Most diabetes specialists teach people with type 1 diabetes to check for ketones when their blood glucose levels are consistently above 300 mg/dL (16.7 mmol/L), but they should check whenever they have unexplained hyperglycemia (≥200 mg/dL, or 11.1 mmol/L) that persists more than a couple of hours. Exercise should be postponed or suspended if blood ketone levels are elevated (≥1.5 mmol/L or 8.7 mg/dL), equivalent to moderate to large urine ketones, since blood glucose and ketones may rise further with even mild activity (3).

Insulin regimens paired with frequent blood glucose checks greatly diminish the chance of insulin deficiency developing, and significant levels of ketones are rarely found when performing blood or urine checks. In most circumstances, slightly elevated blood glucose levels should not interfere with exercise performance; however, some people report headaches, blurry vision, or lack of energy with even mild hyperglycemia, which may be reason enough to avoid physical activity until the glucose level improves. The health care facilitator must consider the ability of the individual to perform blood glucose and ketone testing and understand the complexity of the information.

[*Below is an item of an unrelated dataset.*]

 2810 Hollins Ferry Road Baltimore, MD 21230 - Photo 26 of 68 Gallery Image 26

In other situations, physical activity itself can raise normal blood glucose levels when performed at high intensity (4). The catecholamine response to very intense activity results in an exaggerated hepatic production of glucose for fuel, and after the activity is stopped, the insulin need can double during the post-activity period. If not corrected with insulin dosing in insulin users, this hyperglycemia may last for several hours before drifting down, or it may not decrease without additional insulin (5).

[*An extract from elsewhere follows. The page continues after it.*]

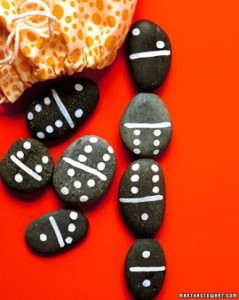 piedras-domino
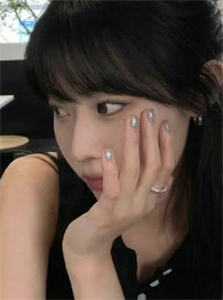 重生后打包送走恋爱脑女儿精修版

Those using insulin pump therapy may bolus with a small amount of insulin to address this physiological need. If the injecting insulin by syringe, an additional dose of short- or rapid-acting insulin can also be administered. The timing and amount of insulin given require careful consideration and monitoring to accomplish the desired blood glucose result. Individuals must consider any insulin remaining from their last injection or bolus in making subsequent adjustments to doses, as well as factor in the residual effects of the last bout of activity on blood glucose use (ie, postexercise enhanced insulin action). Regardless of the delivery method, this additional insulin dose can result in hypoglycemia and may not be advisable in all cases.



  1. Kamata Y, Takano K, Kishihara E, Watanabe M, Ichikawa R, Shichiri M. Distinct clinical characteristics and therapeutic modalities for diabetic ketoacidosis in type 1 and type 2 diabetes mellitus. J Diabetes Complications 2017;31:468-72. doi: 10.1016/j.jdiacomp.2016.06.023.
  2. Umpierrez G, Korytkowski M. Diabetic emergencies – ketoacidosis, hyperglycaemic hyperosmolar state and hypoglycaemia. Nat Rev Endocrinol 2016;12:222-32. doi: 10.1038/nrendo.2016.15.
  3. Riddell MC, Gallen IW, Smart CE, et al. Exercise management in type 1 diabetes: a consensus statement. Lancet Diabetes Endocrinol 2017;5:377-90. doi: 10.1016/S2213-8587(17)30014-1.
  4. Fahey AJ, Paramalingam N, Davey RJ, Davis EA, Jones TW, Fournier PA. The effect of a short sprint on postexercise whole-body glucose production and utilization rates in individuals with type 1 diabetes mellitus. J Clin Endocrinol Metab 2012;97:4193-200.
  5. Aronson R, Brown RE, Li A, Riddell MC. Optimal Insulin Correction Factor in Post-High-Intensity Exercise Hyperglycemia in Adults With Type 1 Diabetes: The FIT Study. Diabetes Care 2019;10-16. doi: 10.2337/dc18-1475.